How does the Rock Crusher model enable this? The Rock Crusher is a model for flow based backlog management.

The traditional way we sketch our backlog shows what is essentially a container that is only opened at the top. There cannot be flow through what is essentially a closed pipe. So to create a visual metaphor emphasizing flow we open the backlog at both ends. New ideas pour in from the top and valuable work flows out through the bottom.

Next, we visually acknowledge an organization will have far more ideas and work than it can deliver on. So, we turn our pipe into a funnel.
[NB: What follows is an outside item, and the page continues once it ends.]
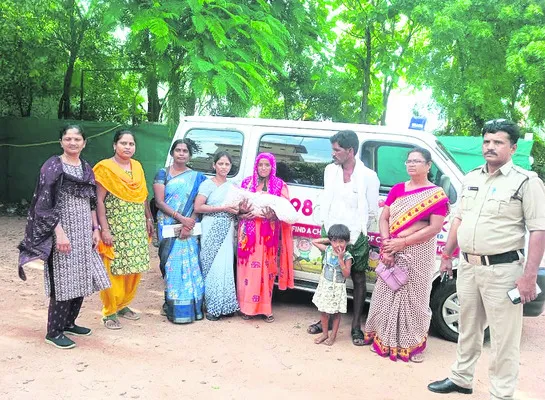 శిశుగృహకు  నవజాత శిశువు అప్పగింత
If we have more ideas than the capacity to deliver, then we need to drain away or discard the excess; otherwise, our system will be overwhelmed and flooded. A flooded system becomes a reservoir again and indicates the inability to determine what is really valuable. The waste gate to paraphrase Michael Porter, highlights how value management is very much about “... deciding what not to do

Many of us who are familiar with Lean often view flow through a value stream as the smooth transfer of work and knowledge from one step to another. While that may be true for manufacturing, it is certainly not the case for product development. Product development, be it a product for sale, or an internal IT system, is about innovation. Doing something different. If we are not doing something different, then why are we bothering at all? In his seminal book “Product Development Flow” Donald Reinertsen writes:

Value cannot be created without variation

Donald Reinertsen, Product Development Flow

The reality is product development flow is turbulent. We have numerous ideas for features, some big, and some small. They arrive at random times, sometimes in waves. However, our team needs a smooth flow of valuable work. Value management then becomes the process of throttling and stabilizing that turbulent flow. Throttling means evaluating and removing less valuable work. Stabilizing means ranking the remaining work such that the team can pull work with minimum coordination delays and be working on the right things.

Finally, to really shift our mental image away from the backlog as a reservoir of requirements for a team, we have to shift the backlog from the left of the team to the center of the team.

When we draw the backlog to the left of the team, it implies the team is merely a consumer of work from the backlog rather than actively involved in backlog management.

The result Rock Crusher helps restore the backlog as a tool for value management.